▶ [To do]: For this exercise, retype every record below exactly and keep the pictures out.

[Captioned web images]
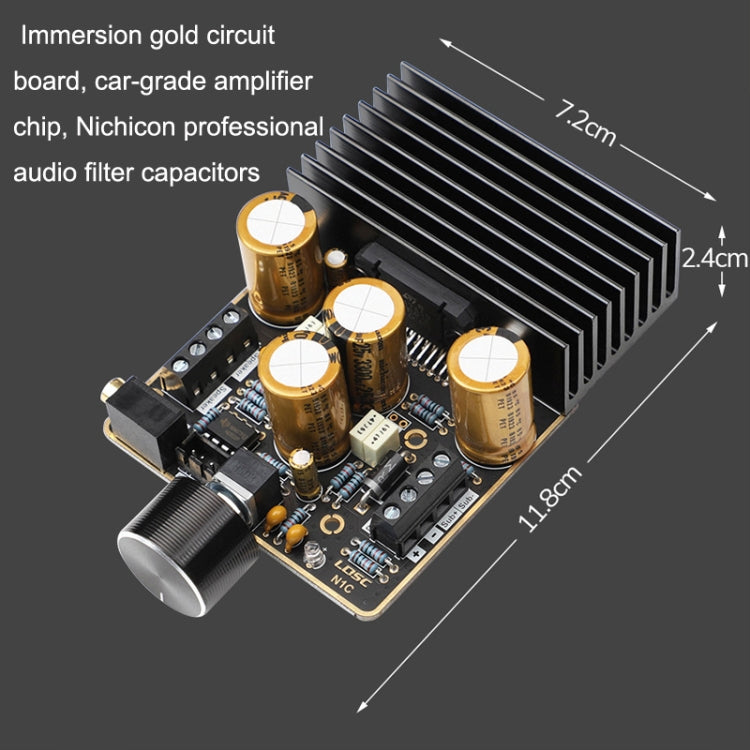 TDA7850 2.1 Channel Amplifier Board 2x80W Car AB Type DIY High Power Amplifier Module 120W Bass,TDA7850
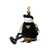 Prada Prada Logo-Plaque Robot Bag Charm Black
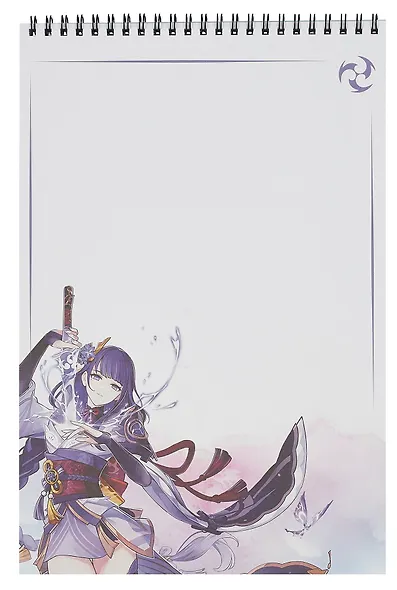 Геншин. Творческий блокнот cо стикерами и переводными татуировками A4. Лесные приключения - фото 6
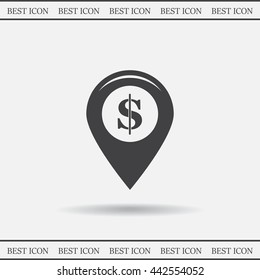 Dollar sign,point area,Vector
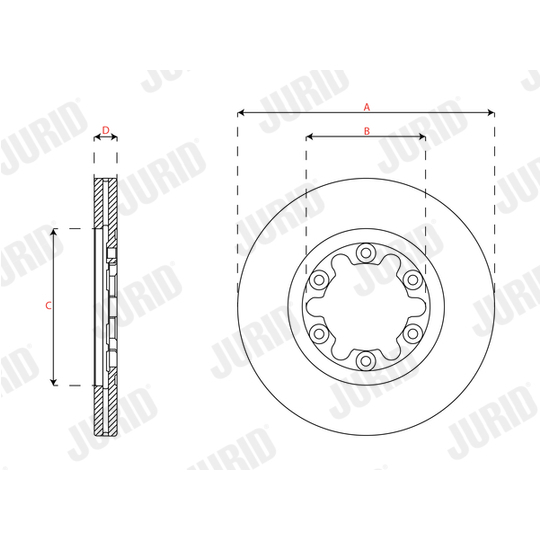 563463J - Brake Disc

▶ [The answer]:
 TDA7850 2.1 Channel Amplifier Board 2x80W Car AB Type DIY High Power Amplifier Module 120W Bass,TDA7850
 Prada Prada Logo-Plaque Robot Bag Charm Black
 Геншин. Творческий блокнот cо стикерами и переводными татуировками A4. Лесные приключения - фото 6
 Dollar sign,point area,Vector
 563463J - Brake Disc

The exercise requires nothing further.